ACTIVITY = Take nothing but the lines from the one with "Contemporary Faux Leather" through the one with "AOSIWIG Men's party" in the entries below, both ends kept, and return them exactly with pictures left out.

SOURCE MATERIAL =

----------------

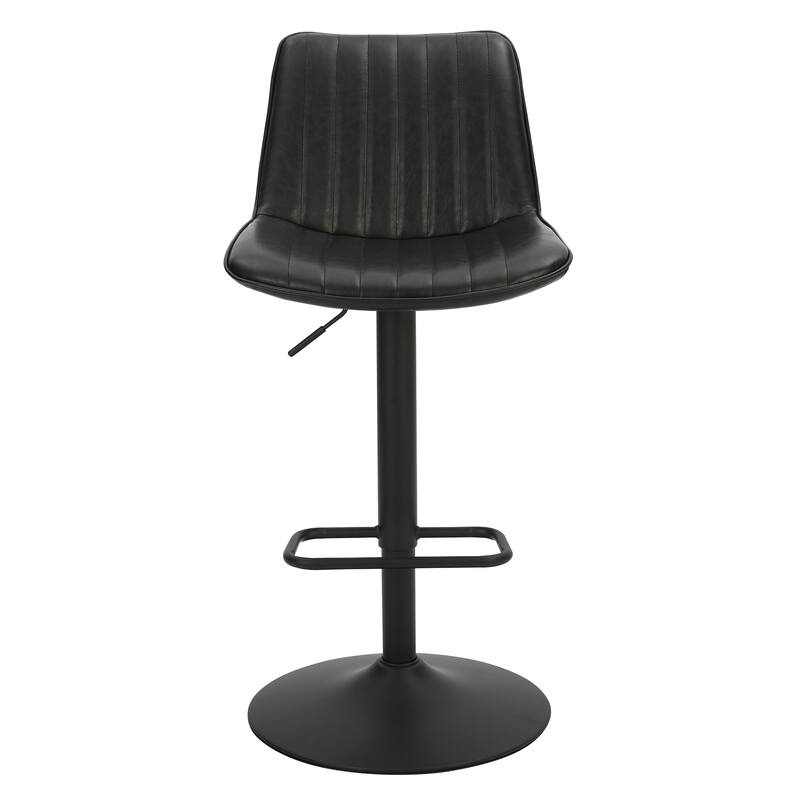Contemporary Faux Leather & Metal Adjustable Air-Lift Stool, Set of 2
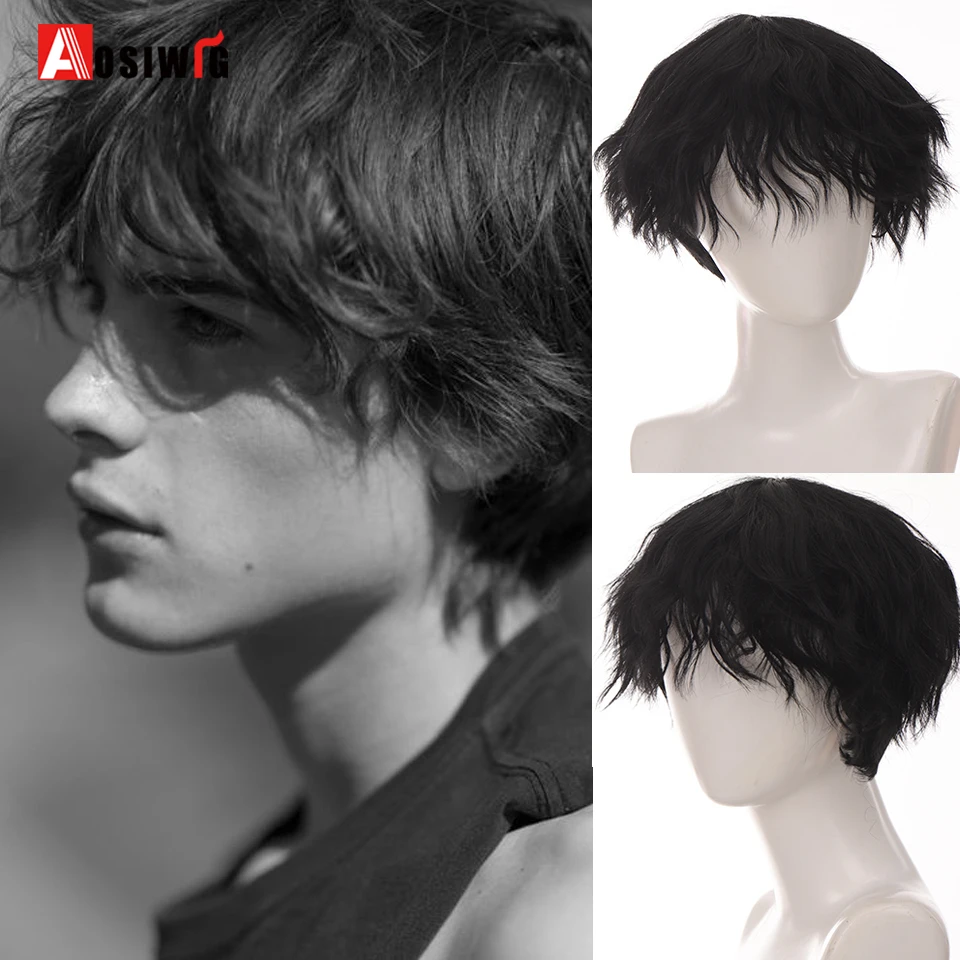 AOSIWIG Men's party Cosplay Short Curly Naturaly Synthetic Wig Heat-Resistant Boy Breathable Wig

----------------

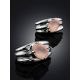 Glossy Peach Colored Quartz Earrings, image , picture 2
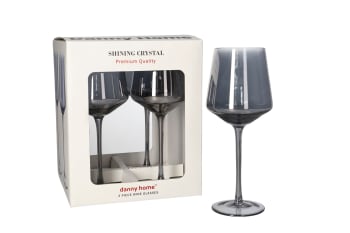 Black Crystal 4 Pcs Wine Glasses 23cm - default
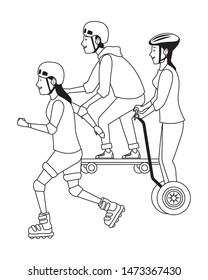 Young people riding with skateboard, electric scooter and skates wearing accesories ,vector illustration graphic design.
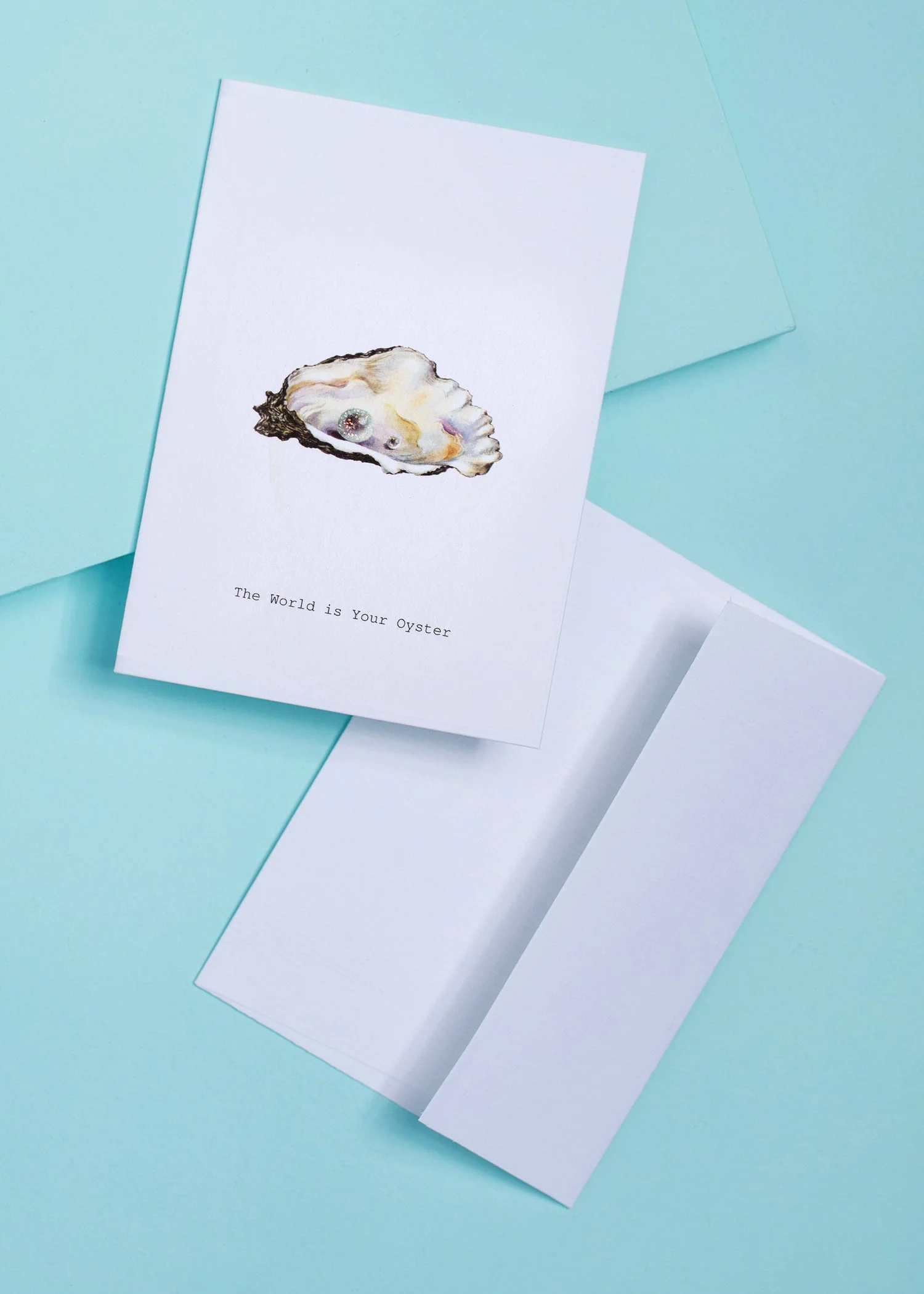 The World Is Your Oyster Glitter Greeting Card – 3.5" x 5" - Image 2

----------------

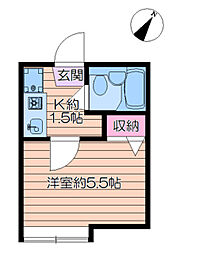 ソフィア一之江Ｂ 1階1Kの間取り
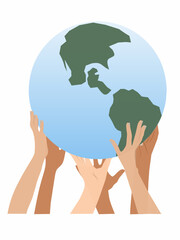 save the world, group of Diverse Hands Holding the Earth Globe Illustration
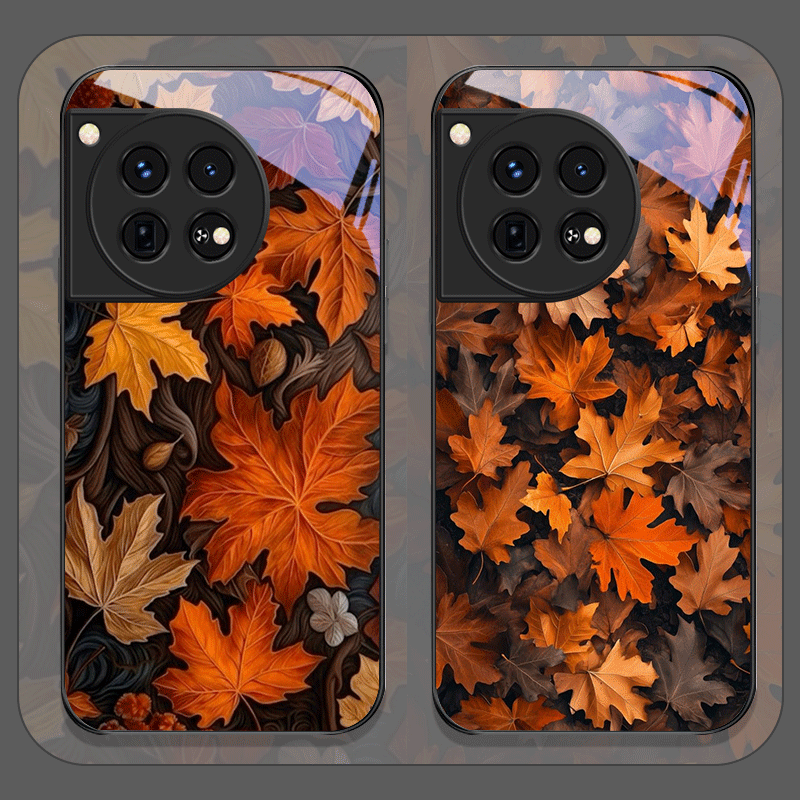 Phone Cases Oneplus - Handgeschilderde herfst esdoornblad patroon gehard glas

----------------

ANSWER FOR THIS EXERCISE =
Contemporary Faux Leather & Metal Adjustable Air-Lift Stool, Set of 2
 AOSIWIG Men's party Cosplay Short Curly Naturaly Synthetic Wig Heat-Resistant Boy Breathable Wig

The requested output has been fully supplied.